## INSTRUCTIONS TO FOLLOW
Locate, in the data below, the line that contains "66, NORWICH ROAD, CLAYDON, IPSWICH, IP6" and the line that contains "助けを求めたいのにどこにも頼れなかった女性たちの実態調査"; reproduce exactly those two lines and every line between them, nothing more.

Segment Start: SUPPLIED DATA

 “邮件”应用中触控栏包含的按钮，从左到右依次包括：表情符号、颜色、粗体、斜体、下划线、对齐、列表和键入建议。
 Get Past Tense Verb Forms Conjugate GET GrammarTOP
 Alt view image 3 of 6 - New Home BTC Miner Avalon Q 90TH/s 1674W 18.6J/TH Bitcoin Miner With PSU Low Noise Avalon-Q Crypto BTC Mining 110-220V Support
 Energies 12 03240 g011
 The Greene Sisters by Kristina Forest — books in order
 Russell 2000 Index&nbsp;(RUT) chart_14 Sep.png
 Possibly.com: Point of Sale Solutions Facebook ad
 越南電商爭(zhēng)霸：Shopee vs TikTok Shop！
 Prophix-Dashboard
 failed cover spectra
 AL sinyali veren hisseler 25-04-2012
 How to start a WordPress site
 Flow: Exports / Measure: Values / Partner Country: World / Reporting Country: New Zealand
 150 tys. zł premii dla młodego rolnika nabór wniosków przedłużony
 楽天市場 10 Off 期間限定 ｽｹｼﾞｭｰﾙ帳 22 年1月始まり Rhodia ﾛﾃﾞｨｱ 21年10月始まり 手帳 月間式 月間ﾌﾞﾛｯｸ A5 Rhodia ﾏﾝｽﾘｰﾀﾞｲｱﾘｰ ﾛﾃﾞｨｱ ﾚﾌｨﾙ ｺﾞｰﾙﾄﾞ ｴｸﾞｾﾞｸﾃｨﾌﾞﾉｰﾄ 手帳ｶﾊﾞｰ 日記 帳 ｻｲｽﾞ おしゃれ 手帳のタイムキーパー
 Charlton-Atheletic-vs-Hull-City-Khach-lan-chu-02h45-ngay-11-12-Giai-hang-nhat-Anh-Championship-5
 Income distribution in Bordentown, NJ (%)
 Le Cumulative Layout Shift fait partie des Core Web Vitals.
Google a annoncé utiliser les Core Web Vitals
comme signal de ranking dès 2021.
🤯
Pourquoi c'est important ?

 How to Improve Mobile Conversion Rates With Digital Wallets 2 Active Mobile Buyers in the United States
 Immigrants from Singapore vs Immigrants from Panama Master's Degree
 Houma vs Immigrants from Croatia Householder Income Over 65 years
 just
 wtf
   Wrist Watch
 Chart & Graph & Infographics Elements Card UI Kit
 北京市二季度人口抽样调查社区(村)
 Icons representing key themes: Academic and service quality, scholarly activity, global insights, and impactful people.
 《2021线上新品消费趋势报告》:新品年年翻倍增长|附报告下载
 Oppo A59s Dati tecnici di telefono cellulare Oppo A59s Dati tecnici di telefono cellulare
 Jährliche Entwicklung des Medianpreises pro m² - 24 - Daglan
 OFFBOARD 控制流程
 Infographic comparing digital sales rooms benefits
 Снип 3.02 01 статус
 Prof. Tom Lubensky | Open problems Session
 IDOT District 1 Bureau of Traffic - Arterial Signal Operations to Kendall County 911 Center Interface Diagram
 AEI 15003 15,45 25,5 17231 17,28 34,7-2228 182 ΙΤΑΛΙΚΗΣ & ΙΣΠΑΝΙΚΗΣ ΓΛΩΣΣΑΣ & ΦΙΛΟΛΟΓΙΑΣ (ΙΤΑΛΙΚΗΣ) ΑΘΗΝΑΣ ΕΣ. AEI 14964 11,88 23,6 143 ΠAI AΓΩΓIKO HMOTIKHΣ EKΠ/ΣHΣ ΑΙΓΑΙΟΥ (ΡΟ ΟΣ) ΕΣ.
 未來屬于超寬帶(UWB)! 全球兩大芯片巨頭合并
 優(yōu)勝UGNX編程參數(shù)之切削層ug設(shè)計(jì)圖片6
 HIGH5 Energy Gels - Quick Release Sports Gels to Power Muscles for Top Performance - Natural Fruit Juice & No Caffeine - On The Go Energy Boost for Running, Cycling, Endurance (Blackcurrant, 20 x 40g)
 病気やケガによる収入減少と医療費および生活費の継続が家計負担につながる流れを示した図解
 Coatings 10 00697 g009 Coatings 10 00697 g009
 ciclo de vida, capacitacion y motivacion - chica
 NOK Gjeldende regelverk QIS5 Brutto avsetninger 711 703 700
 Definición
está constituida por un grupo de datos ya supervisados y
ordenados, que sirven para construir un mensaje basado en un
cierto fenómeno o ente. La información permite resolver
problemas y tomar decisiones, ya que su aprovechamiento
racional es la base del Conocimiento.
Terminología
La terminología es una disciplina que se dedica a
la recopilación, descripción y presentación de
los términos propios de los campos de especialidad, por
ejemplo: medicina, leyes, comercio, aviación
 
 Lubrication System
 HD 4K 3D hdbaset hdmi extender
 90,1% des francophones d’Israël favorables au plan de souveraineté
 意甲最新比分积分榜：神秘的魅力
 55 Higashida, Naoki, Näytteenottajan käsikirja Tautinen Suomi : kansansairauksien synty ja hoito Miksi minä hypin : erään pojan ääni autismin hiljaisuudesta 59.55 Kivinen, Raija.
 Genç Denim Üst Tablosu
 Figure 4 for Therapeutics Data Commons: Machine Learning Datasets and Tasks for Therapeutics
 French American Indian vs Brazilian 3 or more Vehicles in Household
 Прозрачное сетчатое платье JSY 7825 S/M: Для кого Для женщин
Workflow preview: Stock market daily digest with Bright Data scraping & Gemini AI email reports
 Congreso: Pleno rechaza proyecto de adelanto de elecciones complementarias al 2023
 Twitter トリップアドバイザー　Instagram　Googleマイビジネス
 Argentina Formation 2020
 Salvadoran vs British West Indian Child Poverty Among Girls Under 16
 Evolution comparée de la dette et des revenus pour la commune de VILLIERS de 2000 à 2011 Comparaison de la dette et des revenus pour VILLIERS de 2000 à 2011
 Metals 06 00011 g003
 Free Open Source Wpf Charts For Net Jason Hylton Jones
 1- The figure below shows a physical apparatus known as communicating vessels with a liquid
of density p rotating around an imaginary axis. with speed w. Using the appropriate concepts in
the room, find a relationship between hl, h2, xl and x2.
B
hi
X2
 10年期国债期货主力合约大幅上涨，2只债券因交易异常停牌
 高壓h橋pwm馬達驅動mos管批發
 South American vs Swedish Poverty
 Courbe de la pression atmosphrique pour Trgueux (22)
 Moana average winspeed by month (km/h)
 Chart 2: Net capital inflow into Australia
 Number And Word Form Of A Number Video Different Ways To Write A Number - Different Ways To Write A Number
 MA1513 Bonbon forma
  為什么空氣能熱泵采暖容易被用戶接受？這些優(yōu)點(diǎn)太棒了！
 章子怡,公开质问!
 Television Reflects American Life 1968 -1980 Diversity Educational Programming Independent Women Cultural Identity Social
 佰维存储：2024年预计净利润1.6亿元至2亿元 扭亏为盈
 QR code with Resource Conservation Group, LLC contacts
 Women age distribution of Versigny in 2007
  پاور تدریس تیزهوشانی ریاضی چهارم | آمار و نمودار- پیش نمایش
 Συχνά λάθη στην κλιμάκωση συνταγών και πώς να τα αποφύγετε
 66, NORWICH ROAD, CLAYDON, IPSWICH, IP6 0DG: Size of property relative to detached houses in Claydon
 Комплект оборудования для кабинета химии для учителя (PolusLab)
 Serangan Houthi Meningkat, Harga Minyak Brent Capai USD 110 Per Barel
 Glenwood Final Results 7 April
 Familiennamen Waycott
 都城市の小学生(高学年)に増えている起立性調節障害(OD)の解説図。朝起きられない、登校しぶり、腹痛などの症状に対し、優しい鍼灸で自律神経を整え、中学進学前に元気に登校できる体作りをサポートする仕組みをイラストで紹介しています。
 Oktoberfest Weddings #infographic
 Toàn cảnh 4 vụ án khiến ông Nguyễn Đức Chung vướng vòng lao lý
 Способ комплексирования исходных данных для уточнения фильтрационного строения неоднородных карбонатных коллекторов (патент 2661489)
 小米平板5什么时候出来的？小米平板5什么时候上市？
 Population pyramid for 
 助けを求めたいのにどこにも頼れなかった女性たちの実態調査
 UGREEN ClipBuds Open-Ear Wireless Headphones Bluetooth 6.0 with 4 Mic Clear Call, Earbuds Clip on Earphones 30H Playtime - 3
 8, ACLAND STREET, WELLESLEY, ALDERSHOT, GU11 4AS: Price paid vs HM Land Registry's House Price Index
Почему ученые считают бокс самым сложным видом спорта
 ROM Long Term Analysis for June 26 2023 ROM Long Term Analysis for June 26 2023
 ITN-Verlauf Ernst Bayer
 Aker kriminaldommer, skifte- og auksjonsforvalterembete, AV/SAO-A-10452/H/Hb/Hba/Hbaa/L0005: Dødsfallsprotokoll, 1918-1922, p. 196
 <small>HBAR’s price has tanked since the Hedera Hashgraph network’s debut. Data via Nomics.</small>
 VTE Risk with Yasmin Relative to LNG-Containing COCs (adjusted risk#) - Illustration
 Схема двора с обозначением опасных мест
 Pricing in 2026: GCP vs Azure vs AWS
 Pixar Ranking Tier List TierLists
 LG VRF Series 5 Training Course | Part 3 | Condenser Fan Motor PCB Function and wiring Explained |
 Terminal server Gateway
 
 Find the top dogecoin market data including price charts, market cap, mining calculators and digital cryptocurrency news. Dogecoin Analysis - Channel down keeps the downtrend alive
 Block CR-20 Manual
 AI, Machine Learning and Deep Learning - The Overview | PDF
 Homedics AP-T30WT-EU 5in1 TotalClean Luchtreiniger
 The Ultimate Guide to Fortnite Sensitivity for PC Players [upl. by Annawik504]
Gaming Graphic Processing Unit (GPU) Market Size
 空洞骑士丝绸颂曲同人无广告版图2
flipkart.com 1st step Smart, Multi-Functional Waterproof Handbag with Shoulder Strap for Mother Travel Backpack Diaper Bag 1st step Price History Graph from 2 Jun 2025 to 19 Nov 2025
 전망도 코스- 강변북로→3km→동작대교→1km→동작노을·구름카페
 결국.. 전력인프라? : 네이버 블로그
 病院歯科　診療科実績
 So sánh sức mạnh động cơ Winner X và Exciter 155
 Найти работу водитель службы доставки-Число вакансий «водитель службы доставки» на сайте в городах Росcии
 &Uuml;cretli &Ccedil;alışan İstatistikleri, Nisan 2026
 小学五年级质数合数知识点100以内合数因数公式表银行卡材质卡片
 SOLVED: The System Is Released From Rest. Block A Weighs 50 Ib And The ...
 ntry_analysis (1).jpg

Segment End: SUPPLIED DATA

## SOLUTION FOR THIS EXERCISE
 66, NORWICH ROAD, CLAYDON, IPSWICH, IP6 0DG: Size of property relative to detached houses in Claydon
 Комплект оборудования для кабинета химии для учителя (PolusLab)
 Serangan Houthi Meningkat, Harga Minyak Brent Capai USD 110 Per Barel
 Glenwood Final Results 7 April
 Familiennamen Waycott
 都城市の小学生(高学年)に増えている起立性調節障害(OD)の解説図。朝起きられない、登校しぶり、腹痛などの症状に対し、優しい鍼灸で自律神経を整え、中学進学前に元気に登校できる体作りをサポートする仕組みをイラストで紹介しています。
 Oktoberfest Weddings #infographic
 Toàn cảnh 4 vụ án khiến ông Nguyễn Đức Chung vướng vòng lao lý
 Способ комплексирования исходных данных для уточнения фильтрационного строения неоднородных карбонатных коллекторов (патент 2661489)
 小米平板5什么时候出来的？小米平板5什么时候上市？
 Population pyramid for 
 助けを求めたいのにどこにも頼れなかった女性たちの実態調査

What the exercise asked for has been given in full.